NOT flesh alone am I, when I can be So swiftly caught in Beauty's shimmering thread Whose slender fibres, woven, held by me, With their frail strength my following heart have led.

Yea, not all mortal, not all death my mind, When, watching by lone twilight waters' brim I tremblingly decipher, as they wind, Her deathless hieroglyphs, though strange and dim.

So for this faith, when Thou my dust shalt bring To dust, remember well, Great Alchemist, Yearly to change my wintry earth to spring, That I with Beauty still may keep my tryst.

G. O. WARREN

COMRADES

WHERE are the friends that I knew in my Maying, In the days of my youth, in the first of my roaming? We were dear; we were leal; O, far we went straying; Now never a heart to my heart comes homing!— Where is he now, the dark boy slender Who taught me bare-back, stirrup and reins? I love him; he loved me; my beautiful, tender Tamer of horses on grass-grown plains.

Where is he now whose eyes swam brighter, Softer than love, in his turbulent charms; Who taught me to strike, and to fall, dear fighter, And gather me up in his boyhood arms; Taught me the rifle, and with me went riding, Suppled my limbs to the horseman's war; Where is he now, for whom my heart's biding, Biding, biding—but he rides far!

O love that passes the love of woman! Who that hath felt it shall ever forget When the breath of life with a throb turns human, And a lad's heart is to a lad's heart set? Ever, forever, lover and rover— They shall cling, nor each from other shall part Till the reign of the stars in the heavens be 'over, And life is dust in each faithful heart.

They are dead, the American grasses under; There is no one now who presses my side; By the African chotts I am riding asunder, And with great joy ride I the last great ride. I am fey; I am fein of sudden dying; Thousands of miles there is no one near; And my heart—all the night it is crying, crying In the bosoms of dead lads darling-dear.

Hearts of my music—them dark earth covers; Comrades to die, and to die for, were they; In the width of the world there were no such rovers— Back to back, breast to breast, it was ours to stay; And the highest on earth was the vow that we cherished, To spur forth from the crowd and come back never more, And to ride in the track of great souls perished Till the nests of the lark shall roof us o'er.

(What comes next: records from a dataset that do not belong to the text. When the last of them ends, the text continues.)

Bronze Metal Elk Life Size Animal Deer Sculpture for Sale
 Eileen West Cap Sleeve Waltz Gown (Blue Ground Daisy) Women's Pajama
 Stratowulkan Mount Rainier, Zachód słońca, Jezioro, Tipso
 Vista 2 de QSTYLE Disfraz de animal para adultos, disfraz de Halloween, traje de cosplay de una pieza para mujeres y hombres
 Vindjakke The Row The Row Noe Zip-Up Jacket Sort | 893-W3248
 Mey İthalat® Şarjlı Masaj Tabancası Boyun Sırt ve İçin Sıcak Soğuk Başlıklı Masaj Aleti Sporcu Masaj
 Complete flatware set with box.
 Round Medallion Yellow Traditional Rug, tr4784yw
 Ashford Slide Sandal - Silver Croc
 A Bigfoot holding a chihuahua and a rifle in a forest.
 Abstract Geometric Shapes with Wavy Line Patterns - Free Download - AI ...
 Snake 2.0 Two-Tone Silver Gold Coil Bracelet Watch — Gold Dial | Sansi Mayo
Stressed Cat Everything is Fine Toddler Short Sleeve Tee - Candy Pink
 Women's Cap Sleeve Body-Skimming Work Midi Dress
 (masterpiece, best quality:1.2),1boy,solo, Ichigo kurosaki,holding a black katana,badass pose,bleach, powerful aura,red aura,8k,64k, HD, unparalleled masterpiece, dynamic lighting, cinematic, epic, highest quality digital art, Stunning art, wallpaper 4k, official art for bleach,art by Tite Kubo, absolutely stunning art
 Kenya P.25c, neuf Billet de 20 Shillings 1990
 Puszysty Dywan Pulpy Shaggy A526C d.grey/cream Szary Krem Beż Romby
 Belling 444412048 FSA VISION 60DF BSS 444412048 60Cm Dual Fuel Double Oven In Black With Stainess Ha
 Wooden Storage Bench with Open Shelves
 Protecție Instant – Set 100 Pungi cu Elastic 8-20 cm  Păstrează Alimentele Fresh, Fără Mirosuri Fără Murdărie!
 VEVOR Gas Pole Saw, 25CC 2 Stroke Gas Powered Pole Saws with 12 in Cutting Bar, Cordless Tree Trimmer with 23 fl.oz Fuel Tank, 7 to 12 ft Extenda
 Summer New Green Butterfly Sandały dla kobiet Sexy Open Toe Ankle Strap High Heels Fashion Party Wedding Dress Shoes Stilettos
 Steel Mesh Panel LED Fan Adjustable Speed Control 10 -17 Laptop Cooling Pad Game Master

Yet lingers a horseman on Altai highlands, Who hath joy of me, riding the Tartar glissade, And one, far faring o'er orient islands Whose blood yet glints with my blade's accolade; North, west, east, I fling you my last hallooing, Last love to the breasts where my own has bled; Through the reach of the desert my soul leaps pursuing My star where it rises a Star of the Dead.

GEORGE EDWARD WOODBERRY

THE FLIGHT

I

O WILD HEART, track the land's perfume, Beach-roses and moor-heather! All fragrances of herb and bloom Fail, out at sea, together. O follow where aloft find room Lark-song and eagle-feather! All ecstasies of throat and plume Melt, high on yon blue weather.

O leave on sky and ocean lost The flight creation dareth; Take wings of love, that mounts the most: Find fame, that furthest fareth! Thy flight, albeit amid her host Thee, too, night star-like beareth, Flying, thy breast on heaven's coast, The infinite outweareth.

II

"Dead o'er us roll celestial fires; Mute stand Earth's ancient beaches; Old thoughts, old instincts, old desires, The passing hour outreaches; The soul creative never tires— Evokes, adcres, beseeches; And that heart most the god inspires Whom most its wildness teaches.

"For I will course through falling years And stars and cities burning; And I will march through dying cheers Past empires unreturning; Ever the world flame reappears Where mankind power is earning, The nations' hopes, the people's tears, One with the wild heart yearning.